A review by bigenk
High-Rise by J.G. Ballard

dark tense medium-paced
  • Plot- or character-driven? A mix
  • Strong character development? Yes
  • Loveable characters? No
  • Diverse cast of characters? No
  • Flaws of characters a main focus? Yes

4.5

High-Rise is an analysis of complete social collapse within a self-contained and advanced luxury apartment complex. The strata of floors separate the tenets into three classes, yet all are wealthy enough to afford an apartment in the first place. The novel splits it's time between three different perspectives, one for each class. High-Rise begins with the last apartment being filled, as nearly everybody in the building is partying. Already there is friction between individuals, but it's minor, hardly something out of the ordinary in everyday life. The intensity of this friction ramps up over the chapters, as it seems to the characters that everybody is just waiting for an excuse, waiting for a mistake, to unleash their pent up id.

Ballard paints the scene of the tower so vividly; the slowly crumbling infrastructure and services that incite stress, and then the subsequent piles of refuse in the hallways, ubiquitous crass graffiti on the walls, makeshift furniture blockades in stairwells, entire floors completely devoid of electricity and running water. The tenets can leave the ever growing hellhole, but they begin to choose not to, choosing instead to wallow in their own filth and decay. I can picture it clearly because Ballard spends so much time detailing it. Yet I also think that he repeats the same examples a bit too frequently. I wish that he had been less reliant on the same motifs over and over again, even though those motifs are well drawn. It's also a disturbingly gruesome book that has scenes that left me revolted.
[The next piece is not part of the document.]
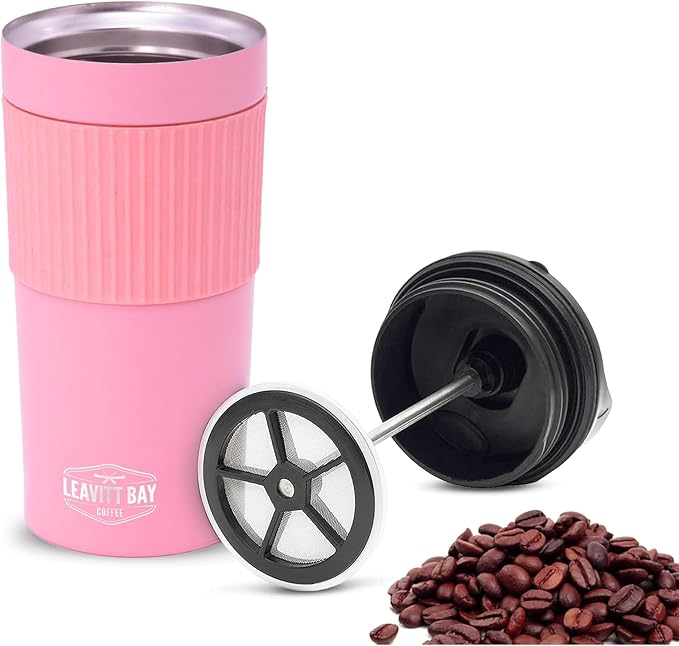 Pink Portable French Press Travel Mug & Coffee Maker | Leak-resistant lid Double-wall vacuum insulation ideal for camping & travel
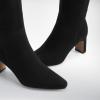 DREAM PAIRS Knee High Boots Women Chunky Block Heel Square Toe Side Zipper Tall Boots for Women(Black-suede)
The tension and pacing is stunning. The escalation of violence is perfectly slow, to the point that you can't quite tell which event was the defining line between an outlier, and something that started the collapse. Ballard has excellent endings to chapters that are memorable moments looking back and were thrilling increases in tension that left me dying to read on. The prose is similarly strong, making for something that is both extremely readable without lacking style or depth.

The pacing is good in spite of Ballard's proclivity to lengthy bouts of metaphor and symbolism. Everything in High-Rise is seemingly a metaphor. Of course the book deals with social class and status, but it goes much deeper than that. The role of the structure that supports hierarchy in the oppression of lower classes, the ability to control our base instincts, tribalism, consumerism, and masochism to name a few. What Ballard really nailed was the quietly simmering violent tension that sometimes grows when there's an erosion of any sense of commons between people. That feeling of waiting for something to happen, something that you know will happen, and preparing yourself for it.

High-Rise is extremely memorable in a gnawing way that I see sticking in bits of my mind for a long time. One thing I can see is that it's certainly not for everyone. It's an acquired taste for sure, but I happen to like it a lot.